Keras: UnicodeDecodeError for GloVe

Created on 1 Jul 2017 · 7Comments · Source: keras-team/keras

Hi,

when im using

embeddings_index = {}
glove_data = 'glove.6B.50d.txt'
f = open(glove_data)
for line in f:
    values = line.split()
    word = values[0]
    coefs = np.asarray(values[1:], dtype='float32')
    embeddings_index[word] = coefs
f.close()

print('Loaded %s word vectors.' % len(embeddings_index))`

I get the following error in for line in f:

UnicodeDecodeError                        Traceback (most recent call last)
<ipython-input-72-ad0473c921c9> in <module>()
      2 glove_data = 'glove.6B.50d.txt'
      3 f = open(glove_data)
----> 4 for line in f:
      5     values = line.split()
      6     word = values[0]

C:\Users\Leonard\Anaconda3\lib\encodings\cp1252.py in decode(self, input, final)
     21 class IncrementalDecoder(codecs.IncrementalDecoder):
     22     def decode(self, input, final=False):
---> 23         return codecs.charmap_decode(input,self.errors,decoding_table)[0]
     24 
     25 class StreamWriter(Codec,codecs.StreamWriter):

UnicodeDecodeError: 'charmap' codec can't decode byte 0x9d in position 2273: character maps to <undefined>

Source

leonardltk

Most helpful comment

oh it works now after i use

f = open(glove_data, encoding="utf8")

leonardltk on 1 Jul 2017

👍21

All 7 comments

oh it works now after i use

f = open(glove_data, encoding="utf8")

leonardltk on 1 Jul 2017

👍21

Hi,
I am experiencing the same problem, when using 'utf8' decoding I get this error ;
'charmap' codec can't decode byte 0x9d in position 3692: character maps to
it seems "utf8" decoding dose not resolve the pb.

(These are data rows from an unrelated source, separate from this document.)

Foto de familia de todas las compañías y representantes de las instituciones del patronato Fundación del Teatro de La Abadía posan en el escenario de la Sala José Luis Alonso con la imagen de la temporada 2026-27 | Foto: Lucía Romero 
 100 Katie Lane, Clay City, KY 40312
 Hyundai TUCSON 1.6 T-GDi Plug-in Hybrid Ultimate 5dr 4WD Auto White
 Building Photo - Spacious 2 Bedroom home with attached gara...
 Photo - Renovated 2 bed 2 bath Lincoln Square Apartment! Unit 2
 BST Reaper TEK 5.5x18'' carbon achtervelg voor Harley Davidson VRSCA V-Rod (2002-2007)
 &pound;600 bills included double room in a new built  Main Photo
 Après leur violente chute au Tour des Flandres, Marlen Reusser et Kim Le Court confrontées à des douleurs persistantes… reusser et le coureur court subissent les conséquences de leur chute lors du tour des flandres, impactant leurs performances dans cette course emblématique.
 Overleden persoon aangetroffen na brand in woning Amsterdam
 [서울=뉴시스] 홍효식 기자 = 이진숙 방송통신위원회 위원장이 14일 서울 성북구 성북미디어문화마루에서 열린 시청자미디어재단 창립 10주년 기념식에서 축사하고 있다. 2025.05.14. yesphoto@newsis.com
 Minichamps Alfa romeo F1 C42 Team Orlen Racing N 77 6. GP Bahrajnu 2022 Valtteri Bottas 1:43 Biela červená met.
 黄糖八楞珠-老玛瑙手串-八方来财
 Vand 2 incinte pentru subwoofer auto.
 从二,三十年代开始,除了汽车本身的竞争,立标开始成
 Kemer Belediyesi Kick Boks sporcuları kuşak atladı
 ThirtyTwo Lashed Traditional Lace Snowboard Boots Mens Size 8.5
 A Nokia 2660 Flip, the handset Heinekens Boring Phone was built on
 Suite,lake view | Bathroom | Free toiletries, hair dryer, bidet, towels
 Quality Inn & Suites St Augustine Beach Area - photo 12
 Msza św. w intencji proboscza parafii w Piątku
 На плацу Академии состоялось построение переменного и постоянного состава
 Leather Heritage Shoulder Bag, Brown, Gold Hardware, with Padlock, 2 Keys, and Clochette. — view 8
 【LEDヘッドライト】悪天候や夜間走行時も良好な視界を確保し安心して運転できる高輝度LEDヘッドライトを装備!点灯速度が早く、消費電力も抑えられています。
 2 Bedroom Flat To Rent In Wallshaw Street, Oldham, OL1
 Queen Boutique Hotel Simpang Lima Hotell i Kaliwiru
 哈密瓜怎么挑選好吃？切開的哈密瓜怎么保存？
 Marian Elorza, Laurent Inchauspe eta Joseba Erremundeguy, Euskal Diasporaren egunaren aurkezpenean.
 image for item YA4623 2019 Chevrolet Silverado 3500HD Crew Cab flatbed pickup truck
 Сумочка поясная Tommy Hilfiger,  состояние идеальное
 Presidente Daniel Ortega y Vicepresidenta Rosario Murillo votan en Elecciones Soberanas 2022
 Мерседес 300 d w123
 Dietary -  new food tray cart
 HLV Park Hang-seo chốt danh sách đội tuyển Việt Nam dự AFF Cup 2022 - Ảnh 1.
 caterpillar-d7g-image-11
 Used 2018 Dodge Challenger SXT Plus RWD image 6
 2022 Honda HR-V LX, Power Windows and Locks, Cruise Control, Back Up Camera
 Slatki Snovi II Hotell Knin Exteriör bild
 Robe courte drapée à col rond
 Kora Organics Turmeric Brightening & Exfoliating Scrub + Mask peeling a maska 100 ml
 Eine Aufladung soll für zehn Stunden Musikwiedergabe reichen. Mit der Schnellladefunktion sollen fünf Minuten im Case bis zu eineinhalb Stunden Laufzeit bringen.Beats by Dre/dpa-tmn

I am using windows 10, do you know if there is a specific encoder/decoder for windows 10.Thanks

habdulkader on 10 Feb 2018

'utf8' as suggested by leonardltk worked for me. thanks!

thakurrishabh on 15 Sep 2018

👍1

Hi,
I am experiencing the same problem, when using 'utf8' decoding I get this error ;
'charmap' codec can't decode byte 0x9d in position 3692: character maps to
it seems "utf8" decoding dose not resolve the pb. I am using windows 10, do you know if there is a specific encoder/decoder for windows 10.Thanks

Hi,
have you resolved the issue? I'm facing same problem.

ppanja on 23 Mar 2019

👍2

try it

import os, re
word_embeddings = {}
with open(os.path.join('../input/glove6b50dtxt/glove.6B.50d.txt')) as f:

for line in f:

    values = line.split()

    word = values[0]

    coefs = np.asarray(values[1:],  dtype='float32')

    word_embeddings[word] = coefs

f.close()